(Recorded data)
※ ※ ※
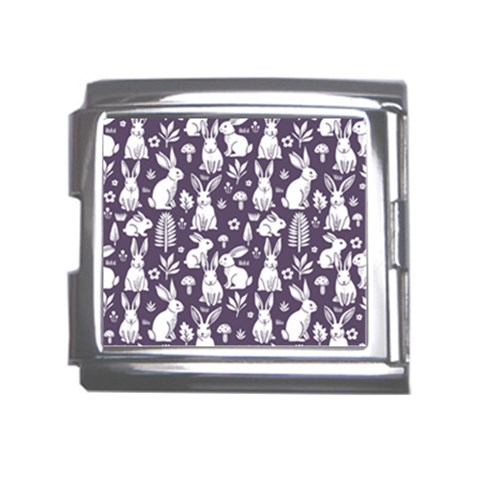 Easter bunny pattern Mega Link Italian Charm (18mm) from ArtsNow.com Front
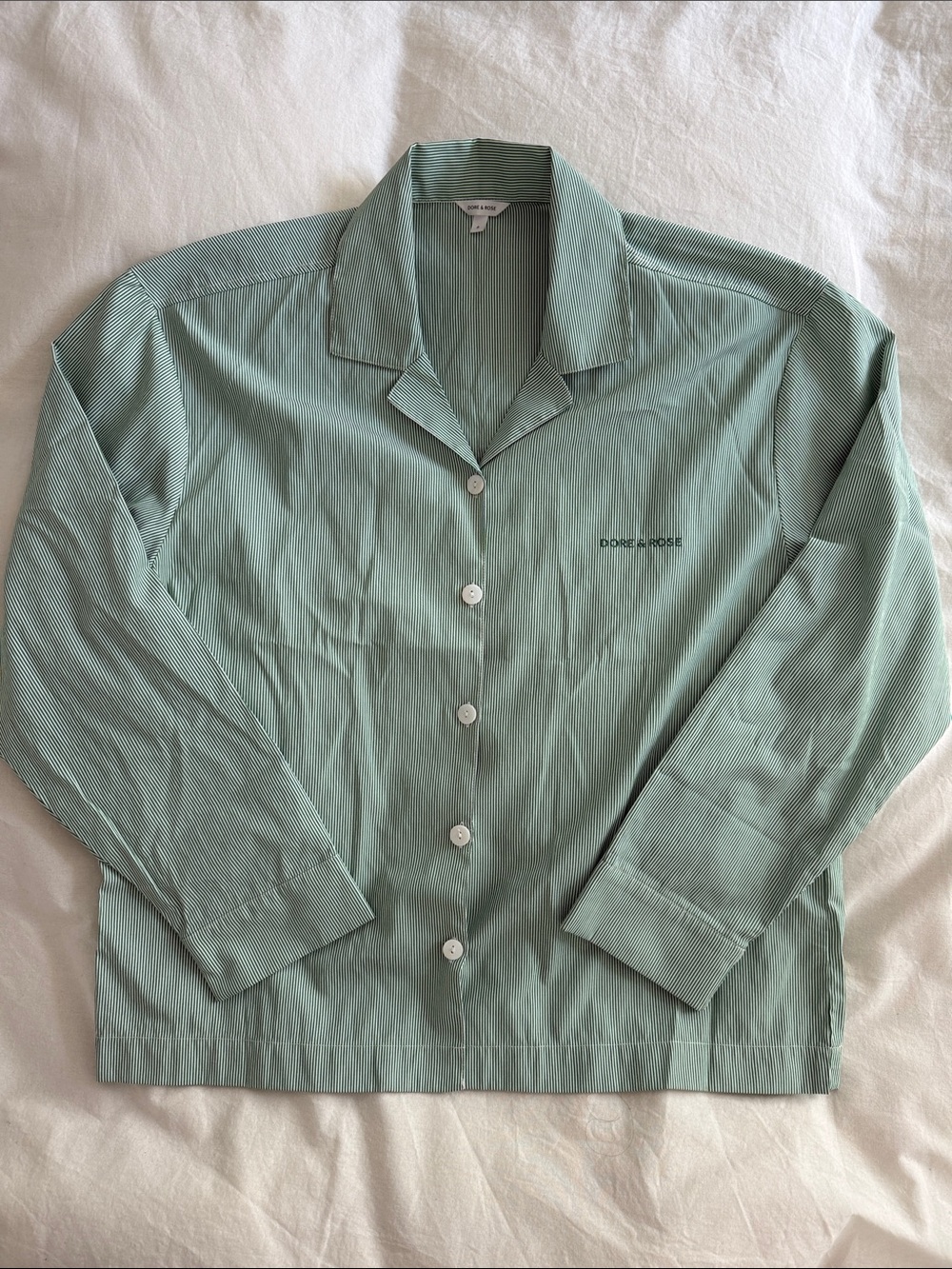 Men's Mint Green cotton PJ Button-Up shirt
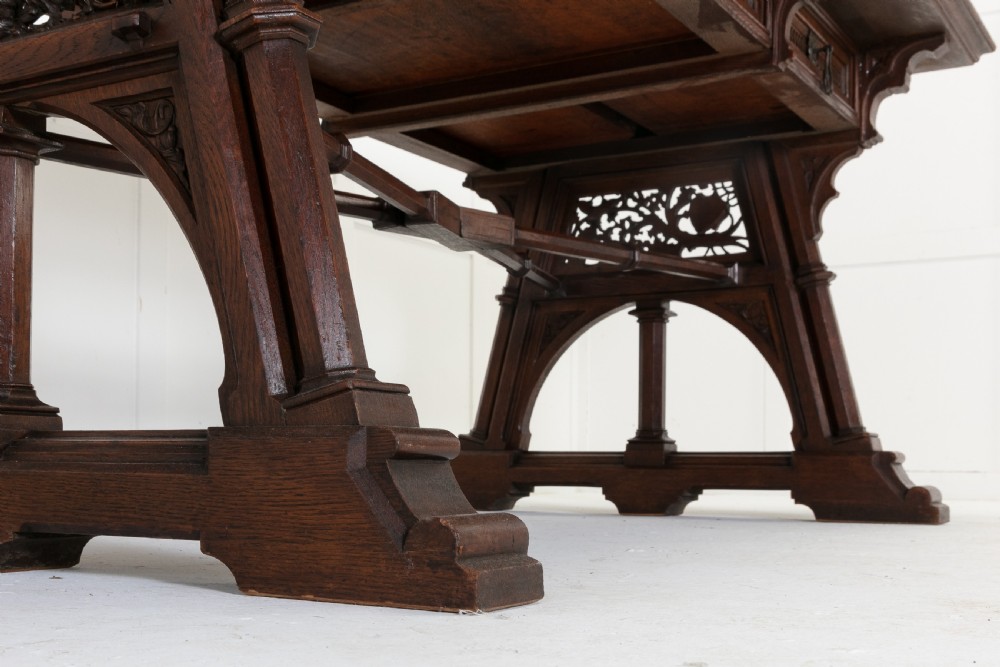 Large 19th Century Gothic Desk View VII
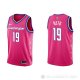 Camiseta Raul Neto #19 Washington Wizards Ciudad 2022-23 Rosa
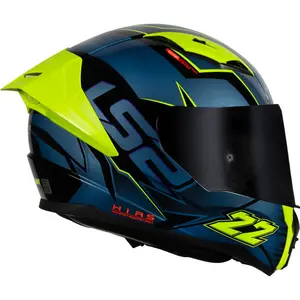Imagem 2 de Capacete LS2 Vigo Limits - Preto/Azul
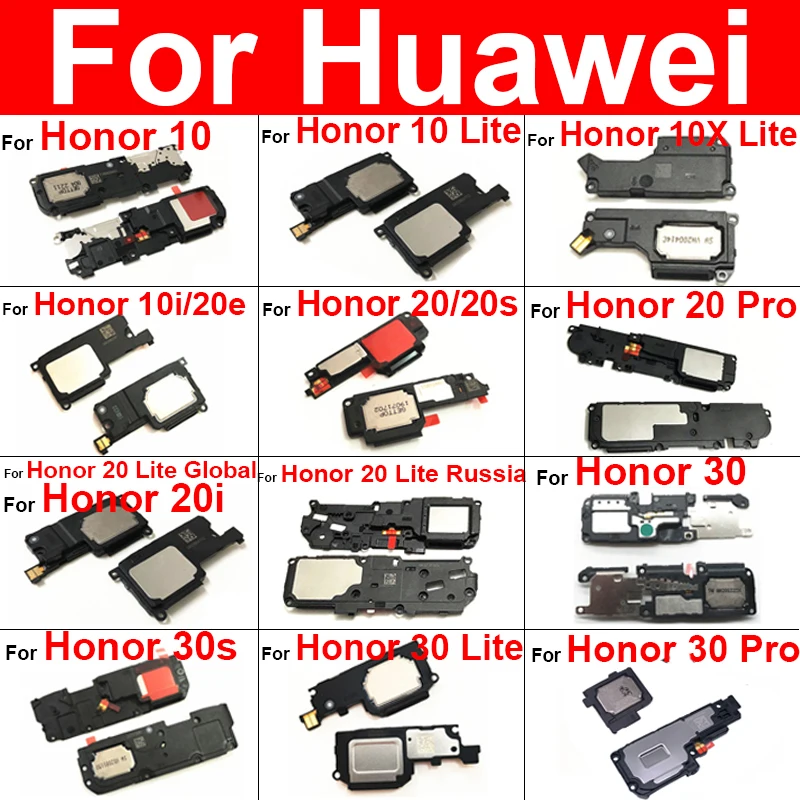 

Louder Speaker Ringer For Huawei Honor 10 10X 20 30 Lite 20 30 Pro 10i 20E 20S 30S Loud Ringer Speaker Buzzer Flex Cable Parts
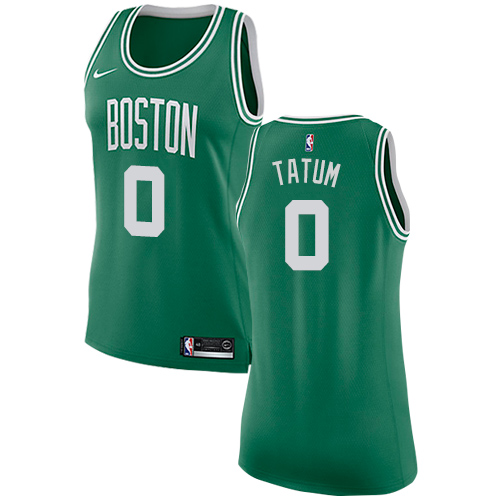 Nike Boston Celtics #0 Jayson Tatum Green Women's NBA Swingman Icon Edition Jersey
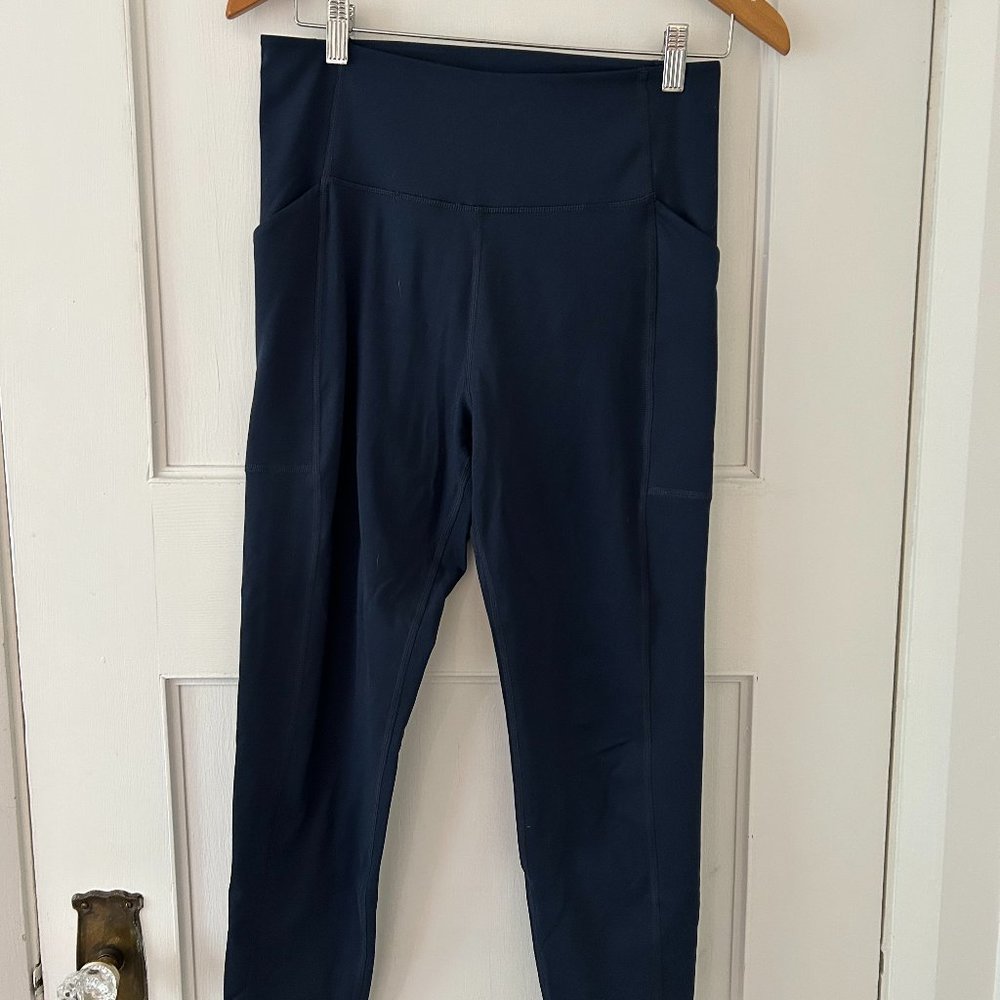 Girlfriend Collective Compressive Pocket Legging, Midnight colour, size L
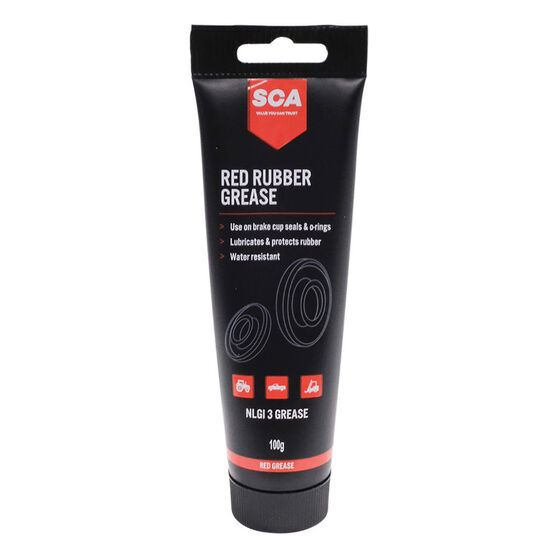 SCA Red Rubber Grease Tube 100g Supercheap Auto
※ ※ ※
Copy the data verbatim, skipping any image it holds.

> Worked solution
 Easter bunny pattern Mega Link Italian Charm (18mm) from ArtsNow.com Front
 Men's Mint Green cotton PJ Button-Up shirt
 Large 19th Century Gothic Desk View VII
 Camiseta Raul Neto #19 Washington Wizards Ciudad 2022-23 Rosa
Imagem 2 de Capacete LS2 Vigo Limits - Preto/Azul

Louder Speaker Ringer For Huawei Honor 10 10X 20 30 Lite 20 30 Pro 10i 20E 20S 30S Loud Ringer Speaker Buzzer Flex Cable Parts
 Nike Boston Celtics #0 Jayson Tatum Green Women's NBA Swingman Icon Edition Jersey
 Girlfriend Collective Compressive Pocket Legging, Midnight colour, size L
 SCA Red Rubber Grease Tube 100g Supercheap Auto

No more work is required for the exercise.